What this task involves. The answer must be the complete listing, reproduced exactly.

Provided data.
== Segment start ==

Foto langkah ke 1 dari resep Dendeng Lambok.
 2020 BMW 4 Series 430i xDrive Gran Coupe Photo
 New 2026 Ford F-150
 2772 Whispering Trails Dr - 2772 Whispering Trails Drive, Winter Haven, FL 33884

== Segment end ==

Answer for this exercise.
Foto langkah ke 1 dari resep Dendeng Lambok.
 2020 BMW 4 Series 430i xDrive Gran Coupe Photo
 New 2026 Ford F-150
 2772 Whispering Trails Dr - 2772 Whispering Trails Drive, Winter Haven, FL 33884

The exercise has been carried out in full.